If you have good shims and you don't stack them up like a deck of playing cards, it's not bad. Is it as good as having a perfect bridge? Probably not, but done reasonably well, it should be fine.
Some guys have an aversion to shimming. Nousche Rosenberg told me he didn't like to shim unless there was no other way, and it sounds Like CVH feels the same way. They have a valid point. But if you need to shim, here are a few things to keep in mind:
1.) Shim material/number can form an acoustic filter:
There's a concept called 'constrained layer dampening' that exists because sound waves lose energy when they are forced to pass through materials of different density. This attenuating filter is a result of mechanical impedance differential. This is the reason that insulating a room cuts down on sound, and why truck-bed-liner reduces vibration and why a person can't speak to someone who is underwater. Essentially, sound waves that travel well through one density of material don't travel well through significantly different densities of material, and a few other things come into play etc. Anyway, guitars are already only ~10%+/- efficient at turning vibration into sound, and one of the reasons is that vibration goes from metal strings into a hardwood bridge, into a softwood top. These transitions steal energy and turn it into heat & whatnot, and in so doing, they filter the energy. Fortunately, we perceive that filtration as a positive thing, as we are used to the sound of a guitar, and part of the character of the sound is this filtration. It's also why bridges of different materials & weights sound different; they form different filters. But no matter what your bridge is made of, if you stack a bunch of shims of different types of wood under it, you can dramatically increase the number of impedance transitions. What does this mean in the real world? Usually it means you lose treble, volume & attack/response. I recently did some work on a Favino for an artist. It was a great guitar, but the bridge had been "lightened" (translation - shaved to within an inch of its life) and had 3 or 4 shims of dissimilar wood densities (poplar, maple, rosewood) under each foot. The bridge didn't have enough mass to function properly and the shims presented a huge dampening filter. I made it a decent bridge and the guitar woke right up. But a rosewood shim under a good rosewood bridge wouldn't be a huge problem.

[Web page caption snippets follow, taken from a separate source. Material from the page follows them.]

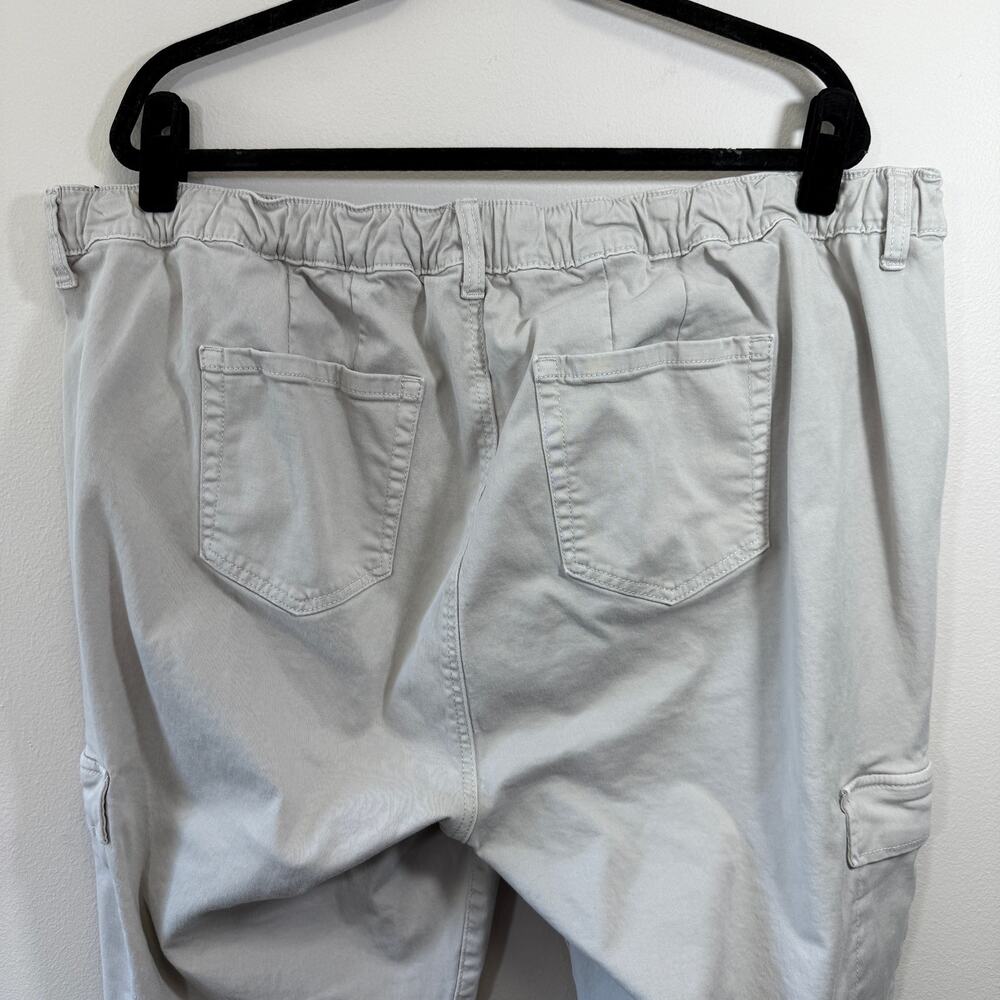 Torrid Pull-On Weekend Straight Stretch Twill Cargo Mid-Rise Pant Size 3x Khaki - Picture 9 of 11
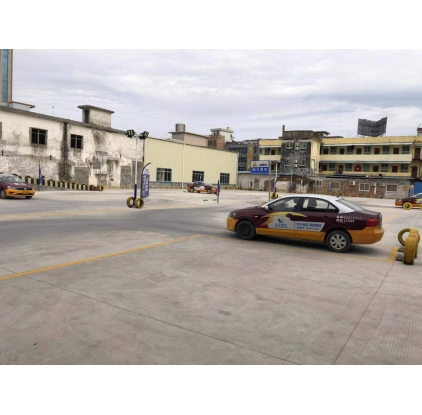 企石中学训练场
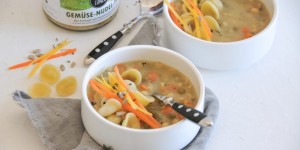 Beitragsbild des Blogbeitrags winterliche Suppenliebe | mit gesunden Suppen durch die kalte Jahreszeit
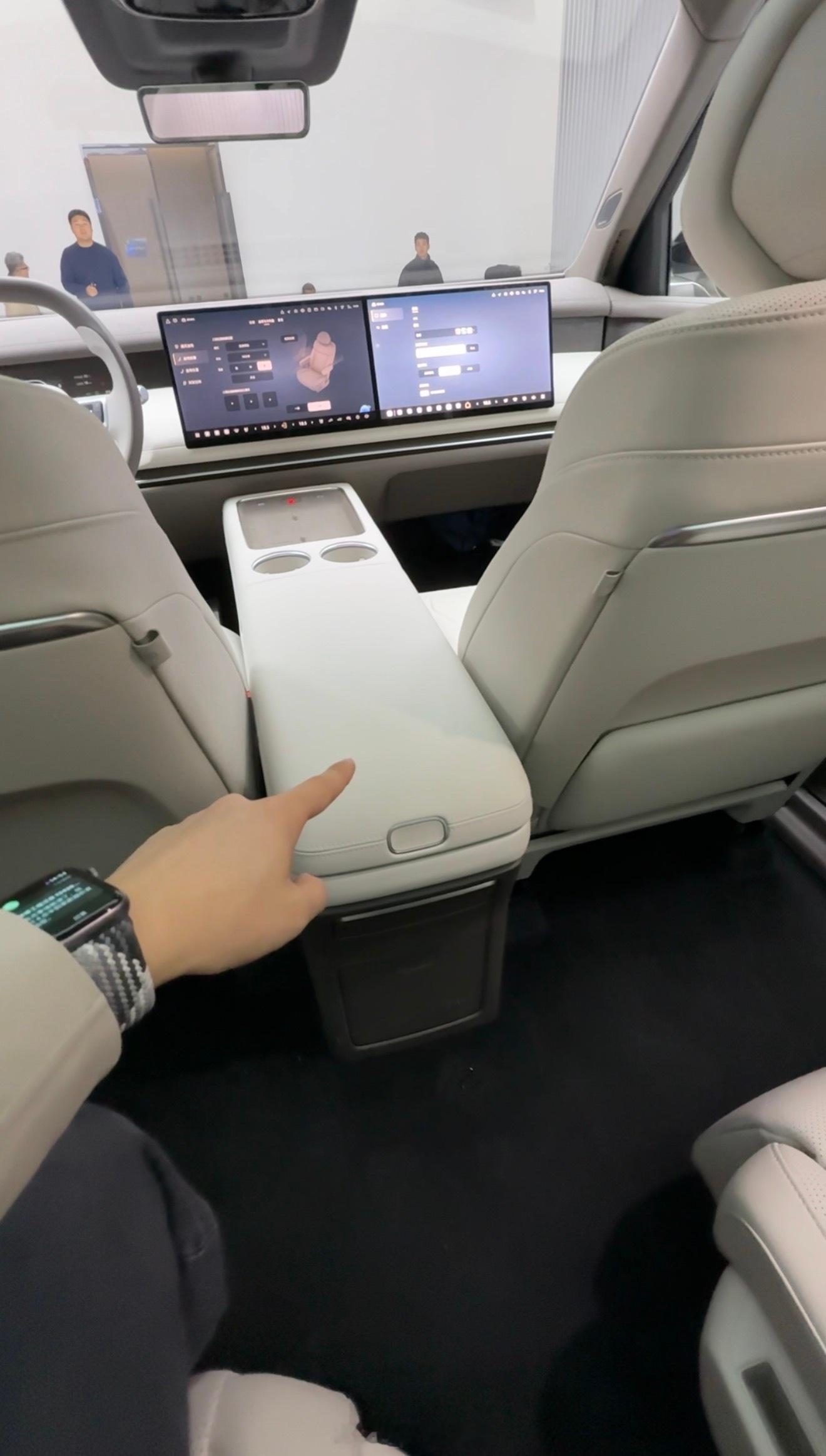 ID.ERA 9X我很喜欢的两个小细节：一个是冰箱除了前排主副驾各自有按钮以外，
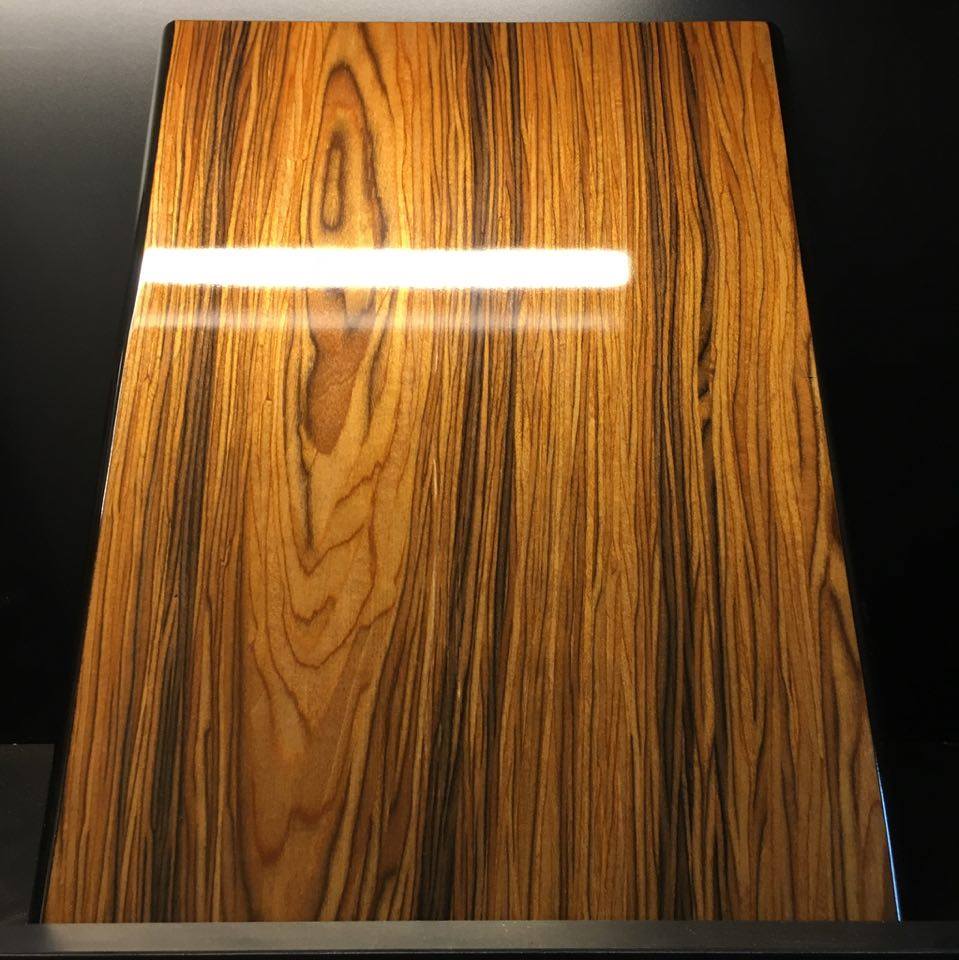 Veneer vân gỗ phủ sơn bóng thủy tinh
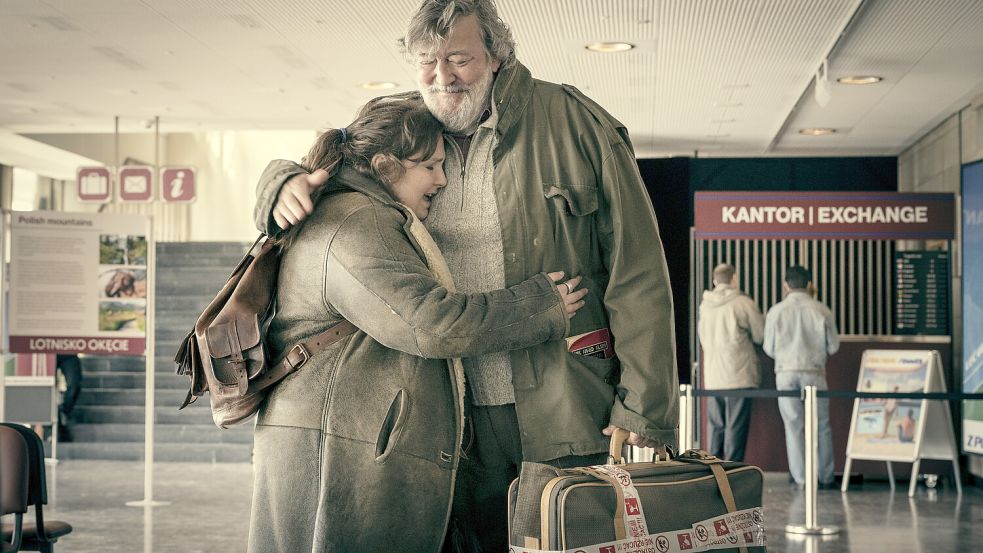 Ruth (Lena Dunham) ist mit ihrem Vater Edek (Stephen Fry) nach Polen gereist. „Treasure - Familie ist ein fremdes Land“. Ab Donnerstag, 12.09. neu in den Kinos. Foto: ©ANKE NEUGEBAUER / Seven Elephants GmbH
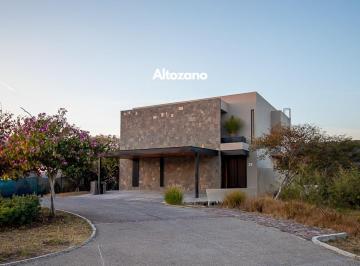 Casa · 377m² · 3 Recámaras · 2 Estacionamientos · Casa en Venta en Altozano El Nuevo Queretaro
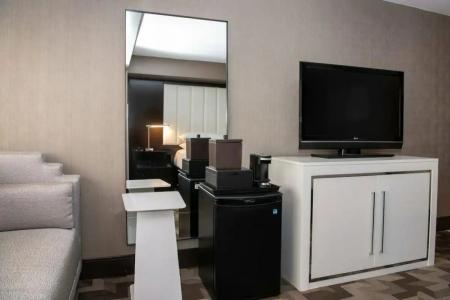 Beverly Hills Marriott - 12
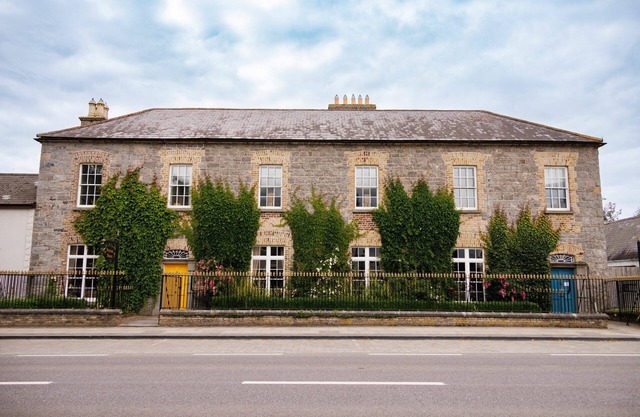 Blend of historic elegance and modern comfort. Family and Pets-Friendly.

2.) Unequal numbers of shims under the bridge feet change the bridge fit:
Imagine laying a book on a table. It lays flat. Now imagine laying that book across two equal height drink coasters. The middle of the book is suspended, but the ends of the book lay flat across the coasters, and the bottom of the coasters lay flat on the table and the bottom of the coasters bear equal weight all across their bottoms.
Now, add one drink coaster under one side of the book so that you have two under one side and one under the other. You'll see that the book now lays across the inside of the higher stack of coasters and the outside of the lower side. Instead of the weight of the book bearing evenly across the coasters, it's borne by the inside and outside edges of the coasters. This is exactly what happens when you unequally shim the feet of a bridge. Now, in reality, shims are thin, so it's not a big deal if you put a shim under one side, or two under one side and one under the other, but if you get carried away with unequal shims, not only are you likely to crack your top, but your bridge will no longer bear squarely on the tonebars connecting the 3rd and 4th braces and that will dramatically steal power from the guitar because the bridge will no longer bear on a node. Somewhere I did a video of the power transfer difference between on-node & off-node loading... I think it was in response to someone asking about where to mount a contact mic but the same principal applies to an ill fitting bridge.
Anyway - now you know more than you ever wanted to know about shims.
Bottom line:
- Use all one type of wood - preferably the same type of wood as the bridge
- Don't use a lot more under one side than the other. If you have to do this, then glue the shims to the bottom of the bridge feet and re-fit the bridge.
Ahhh... found the vid. Again, the effect of an ill fitting bridge not bearing on the bridge tonebars is less pronounced, but... a similar thing is happening.
You get one chance to enjoy this day, but if you're doing it right, that's enough.
> This attenuating filter is a result of mechanical impedance differential.
I love it when people explain stuff in my native language
> Again, the effect of an ill fitting bridge not bearing on the bridge tonebars is less pronounced, but... a similar thing is happening.
By tone bars, do you mean the two short braces that run perpendicular to the bridge and placed right under the contact points? The bridge on one of my guitars has unusually long feet, which I think extend beyond the width of those braces. Is this bad, or just fine? If I needed to shim, should I cut pieces as big as the existing feet or smaller ones to overlap with those braces only?
Yeah, me too! Jimmy d'Aquisto made these cool bridges with sliding wedges under that allowed for fine adjustment. The caption on this picture says the bridge was made by Monteleone for a restoration of a d'Aquisto guitar.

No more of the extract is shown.